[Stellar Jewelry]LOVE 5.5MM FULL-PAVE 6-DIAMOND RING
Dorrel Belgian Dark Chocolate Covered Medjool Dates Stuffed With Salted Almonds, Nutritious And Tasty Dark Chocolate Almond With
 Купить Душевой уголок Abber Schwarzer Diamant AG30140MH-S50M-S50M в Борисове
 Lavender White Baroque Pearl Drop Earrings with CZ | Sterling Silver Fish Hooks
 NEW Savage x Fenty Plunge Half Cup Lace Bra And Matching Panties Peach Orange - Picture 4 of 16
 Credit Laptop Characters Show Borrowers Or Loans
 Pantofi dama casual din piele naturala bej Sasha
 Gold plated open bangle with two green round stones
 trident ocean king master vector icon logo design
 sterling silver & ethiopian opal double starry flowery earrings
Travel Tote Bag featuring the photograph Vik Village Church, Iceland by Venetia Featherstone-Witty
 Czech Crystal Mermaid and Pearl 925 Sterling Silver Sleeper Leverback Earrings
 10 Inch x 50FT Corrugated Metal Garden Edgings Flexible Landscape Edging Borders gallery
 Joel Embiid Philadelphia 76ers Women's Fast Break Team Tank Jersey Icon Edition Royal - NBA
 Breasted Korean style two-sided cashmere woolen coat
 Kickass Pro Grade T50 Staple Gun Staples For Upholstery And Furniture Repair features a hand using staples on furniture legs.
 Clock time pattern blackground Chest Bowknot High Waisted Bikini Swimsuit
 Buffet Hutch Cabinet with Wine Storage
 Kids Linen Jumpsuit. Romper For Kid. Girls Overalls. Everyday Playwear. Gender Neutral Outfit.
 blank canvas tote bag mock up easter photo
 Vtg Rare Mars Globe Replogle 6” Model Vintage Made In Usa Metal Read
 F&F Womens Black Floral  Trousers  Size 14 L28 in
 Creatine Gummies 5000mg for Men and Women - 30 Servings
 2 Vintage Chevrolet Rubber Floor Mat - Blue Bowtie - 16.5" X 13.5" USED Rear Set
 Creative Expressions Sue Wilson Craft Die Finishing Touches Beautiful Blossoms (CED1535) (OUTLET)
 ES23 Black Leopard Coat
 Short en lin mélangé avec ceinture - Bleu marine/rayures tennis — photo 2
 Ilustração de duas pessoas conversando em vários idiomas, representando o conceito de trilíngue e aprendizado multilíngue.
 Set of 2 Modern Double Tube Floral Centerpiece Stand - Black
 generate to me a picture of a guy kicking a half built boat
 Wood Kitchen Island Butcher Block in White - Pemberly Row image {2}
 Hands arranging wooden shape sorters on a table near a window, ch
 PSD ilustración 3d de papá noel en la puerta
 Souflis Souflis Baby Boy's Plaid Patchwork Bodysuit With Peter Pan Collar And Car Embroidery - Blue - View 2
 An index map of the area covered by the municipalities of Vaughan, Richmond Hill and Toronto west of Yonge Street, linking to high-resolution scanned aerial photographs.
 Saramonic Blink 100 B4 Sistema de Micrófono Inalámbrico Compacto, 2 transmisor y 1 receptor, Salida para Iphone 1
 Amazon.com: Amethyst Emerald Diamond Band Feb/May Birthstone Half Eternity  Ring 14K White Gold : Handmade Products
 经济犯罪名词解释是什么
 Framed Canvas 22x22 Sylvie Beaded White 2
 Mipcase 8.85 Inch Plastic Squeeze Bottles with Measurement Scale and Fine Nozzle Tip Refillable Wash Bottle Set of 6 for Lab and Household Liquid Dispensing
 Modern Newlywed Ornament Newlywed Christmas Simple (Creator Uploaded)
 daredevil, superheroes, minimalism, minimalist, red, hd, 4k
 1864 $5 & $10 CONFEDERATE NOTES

====================

- [What you should do] From the listing above, return each line with the word "Floral".

- [Task result]
 F&F Womens Black Floral  Trousers  Size 14 L28 in
 Set of 2 Modern Double Tube Floral Centerpiece Stand - Black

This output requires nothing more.